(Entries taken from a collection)
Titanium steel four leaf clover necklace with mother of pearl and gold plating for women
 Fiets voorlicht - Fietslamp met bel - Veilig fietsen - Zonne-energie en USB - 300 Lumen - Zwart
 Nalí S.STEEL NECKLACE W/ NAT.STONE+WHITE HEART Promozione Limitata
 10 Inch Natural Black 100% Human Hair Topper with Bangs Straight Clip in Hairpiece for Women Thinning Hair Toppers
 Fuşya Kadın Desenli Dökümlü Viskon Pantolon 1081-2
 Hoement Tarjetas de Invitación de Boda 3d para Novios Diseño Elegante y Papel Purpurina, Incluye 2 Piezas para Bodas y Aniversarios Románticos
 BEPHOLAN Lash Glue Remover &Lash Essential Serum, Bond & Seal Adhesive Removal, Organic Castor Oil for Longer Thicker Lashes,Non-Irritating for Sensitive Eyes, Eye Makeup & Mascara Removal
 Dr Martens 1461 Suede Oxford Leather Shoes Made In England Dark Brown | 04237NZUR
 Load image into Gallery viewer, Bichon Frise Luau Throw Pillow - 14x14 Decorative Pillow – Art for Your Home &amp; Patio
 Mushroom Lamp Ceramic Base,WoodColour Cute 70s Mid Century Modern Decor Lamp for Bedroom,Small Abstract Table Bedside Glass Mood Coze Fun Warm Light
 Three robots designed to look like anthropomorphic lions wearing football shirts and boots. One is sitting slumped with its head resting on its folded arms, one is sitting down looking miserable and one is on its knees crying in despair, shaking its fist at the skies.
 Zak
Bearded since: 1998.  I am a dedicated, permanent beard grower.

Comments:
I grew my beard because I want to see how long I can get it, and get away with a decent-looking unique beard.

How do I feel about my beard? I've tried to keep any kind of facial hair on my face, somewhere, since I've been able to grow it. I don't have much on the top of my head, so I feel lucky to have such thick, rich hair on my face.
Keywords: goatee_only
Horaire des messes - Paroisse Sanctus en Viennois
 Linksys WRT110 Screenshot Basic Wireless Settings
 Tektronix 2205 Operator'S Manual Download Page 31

Work to complete. Please give back the records exactly as written, beginning at the first line and including the line that holds "10 Inch Natural" as the last.

Output of the exercise.
Titanium steel four leaf clover necklace with mother of pearl and gold plating for women
 Fiets voorlicht - Fietslamp met bel - Veilig fietsen - Zonne-energie en USB - 300 Lumen - Zwart
 Nalí S.STEEL NECKLACE W/ NAT.STONE+WHITE HEART Promozione Limitata
 10 Inch Natural Black 100% Human Hair Topper with Bangs Straight Clip in Hairpiece for Women Thinning Hair Toppers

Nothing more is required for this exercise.